Herve cited the toll his injuries took on his physical and mental well-being as a factor in his decision to end his soccer career. He also said he plans to move back to his native France to recover. 

“We’re really empathetic, but at the same time we respect and support his decision,” winger Paul Bin said. “We’ve been through it with him.” 

Herve made a large impact in his lone full season in College Park. Playing largely on the wing, he provided four goals and three assists, starting 17 of a possible 20 games. He earned a Big Ten All-Freshman nod for his performances.

His clever footwork and ability to take on opposing defenders made him a dangerous threat for the Terps. Herve was also crucial in Maryland’s College Cup run in 2018, scoring a dramatic scissor kick to dispatch Duke in the Sweet Sixteen. 

Following his freshman year, though, the injuries started to pile up. During the College Cup semifinal, Herve felt a twinge in his left knee — but played through the pain. An MRI revealed that the pain was a slight tear in his meniscus, which required surgery. No sooner had he returned from that before an ankle injury in spring 2019 set him back further. He returned to College Park a rejuvenated figure a few months later, but the hamstring tear pushed back his recovery.

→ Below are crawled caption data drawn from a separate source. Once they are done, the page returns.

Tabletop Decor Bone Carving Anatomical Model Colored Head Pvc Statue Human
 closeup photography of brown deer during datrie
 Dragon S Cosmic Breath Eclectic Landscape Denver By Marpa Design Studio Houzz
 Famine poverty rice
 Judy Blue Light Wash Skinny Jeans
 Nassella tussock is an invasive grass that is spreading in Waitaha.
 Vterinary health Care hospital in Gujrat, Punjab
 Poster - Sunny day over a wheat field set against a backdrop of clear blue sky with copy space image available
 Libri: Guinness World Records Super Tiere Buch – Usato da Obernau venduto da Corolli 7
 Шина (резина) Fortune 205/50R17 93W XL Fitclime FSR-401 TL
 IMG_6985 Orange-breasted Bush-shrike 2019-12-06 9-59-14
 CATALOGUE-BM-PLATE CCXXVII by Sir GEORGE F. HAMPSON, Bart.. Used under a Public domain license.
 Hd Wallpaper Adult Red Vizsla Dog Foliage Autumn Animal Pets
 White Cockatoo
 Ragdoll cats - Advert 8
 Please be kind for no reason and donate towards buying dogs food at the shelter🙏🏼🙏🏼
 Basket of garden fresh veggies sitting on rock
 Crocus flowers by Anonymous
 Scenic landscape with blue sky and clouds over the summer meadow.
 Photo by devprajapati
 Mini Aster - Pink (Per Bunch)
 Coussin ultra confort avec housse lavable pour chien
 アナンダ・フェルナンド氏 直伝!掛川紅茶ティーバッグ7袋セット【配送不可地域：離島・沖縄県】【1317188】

After rehabbing his hamstring throughout Maryland’s injury-ravaged 2019 season, the knee pain returned. Another surgery, this time to repair the meniscus again and damage to knee cartilage, put Herve back on the treatment table. But the COVID-19 pandemic affected his ability to travel between France and the U.S., and also limited opportunities for rehab. 

Still, Herve walks away from College Park with a national championship ring, as well as a series of accolades — encapsulating the major role he played in helping the Terps get there.